In the entries that follow, the line with "Marklin 5106 Ho" opens the range and the line with "Hamilton Jazzmaster Open" closes it; repeat that range exactly, both lines included.

PROVIDED INFORMATION:
● ● ● ● ● ● ●
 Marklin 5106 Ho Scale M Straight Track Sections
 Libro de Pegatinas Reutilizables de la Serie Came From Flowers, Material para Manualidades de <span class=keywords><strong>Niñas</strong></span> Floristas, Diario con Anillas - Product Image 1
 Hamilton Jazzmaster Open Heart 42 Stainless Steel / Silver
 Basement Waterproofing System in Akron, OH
● ● ● ● ● ● ●
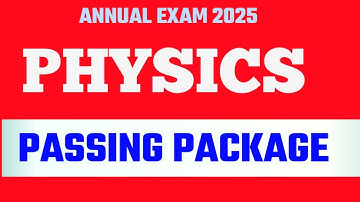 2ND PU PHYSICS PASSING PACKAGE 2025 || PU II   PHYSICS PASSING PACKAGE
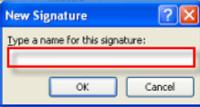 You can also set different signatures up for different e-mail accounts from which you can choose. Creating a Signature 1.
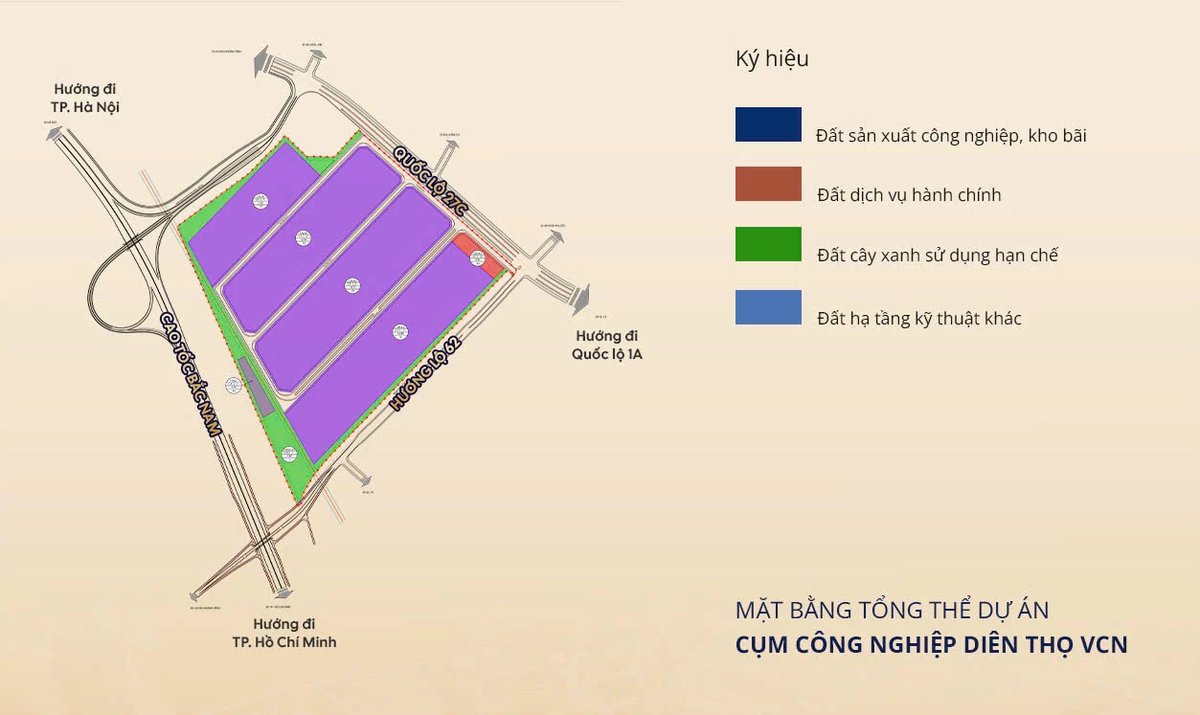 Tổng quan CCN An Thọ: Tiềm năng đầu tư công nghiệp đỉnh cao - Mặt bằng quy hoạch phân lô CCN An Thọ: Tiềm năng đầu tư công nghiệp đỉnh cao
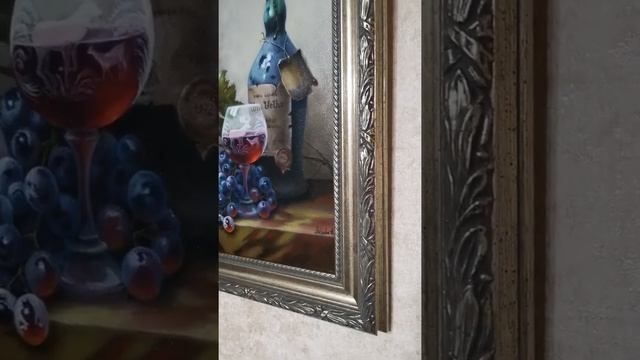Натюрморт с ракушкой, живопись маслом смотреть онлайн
● ● ● ● ● ● ●
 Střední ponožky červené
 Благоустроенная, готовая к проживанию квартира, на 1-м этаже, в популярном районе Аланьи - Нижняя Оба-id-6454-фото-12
● ● ● ● ● ● ●
THE ANSWER:
 Marklin 5106 Ho Scale M Straight Track Sections
 Libro de Pegatinas Reutilizables de la Serie Came From Flowers, Material para Manualidades de <span class=keywords><strong>Niñas</strong></span> Floristas, Diario con Anillas - Product Image 1
 Hamilton Jazzmaster Open Heart 42 Stainless Steel / Silver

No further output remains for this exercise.